## Stored data
►

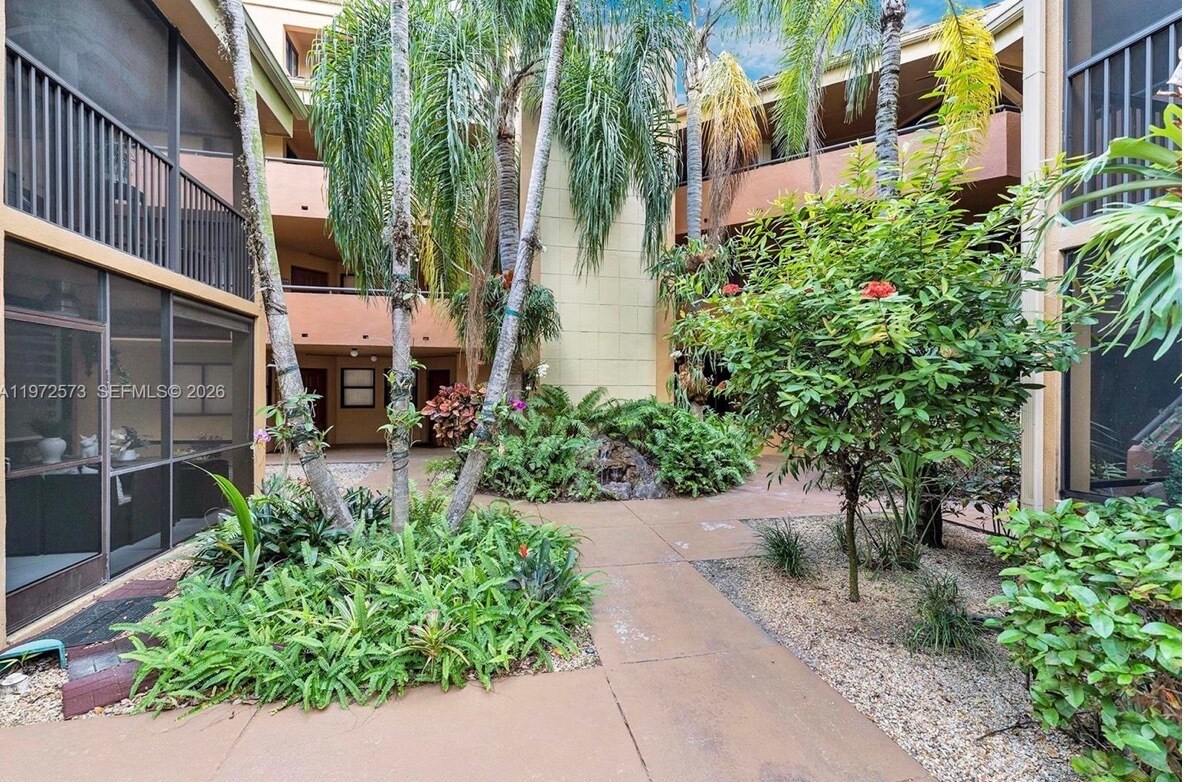 Building Photo - 15575 Miami Lakeway N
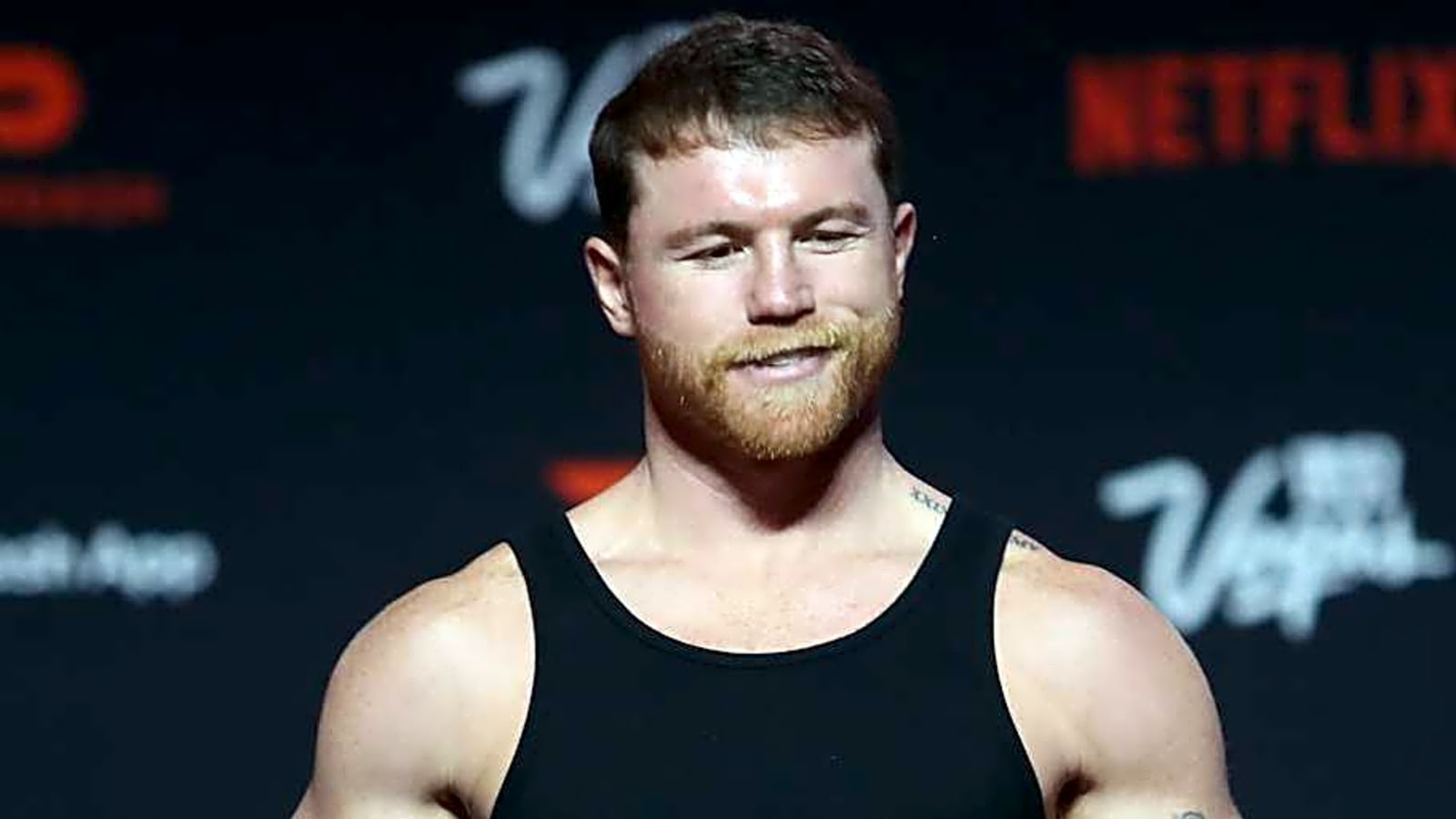 Jaron Ennis Picks Canelo&#39;s Two Best Traits Ahead of Terence Crawford Fight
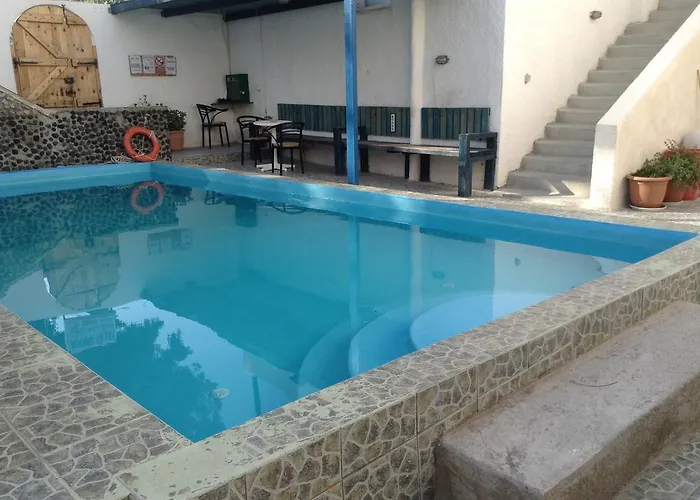 Katerina&John\'s Hotel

◄

## What the task requires
Repeat, exactly and in full, all the material above except its pictures.

## Answer to this task
 Building Photo - 15575 Miami Lakeway N
 Jaron Ennis Picks Canelo&#39;s Two Best Traits Ahead of Terence Crawford Fight
 Katerina&John\'s Hotel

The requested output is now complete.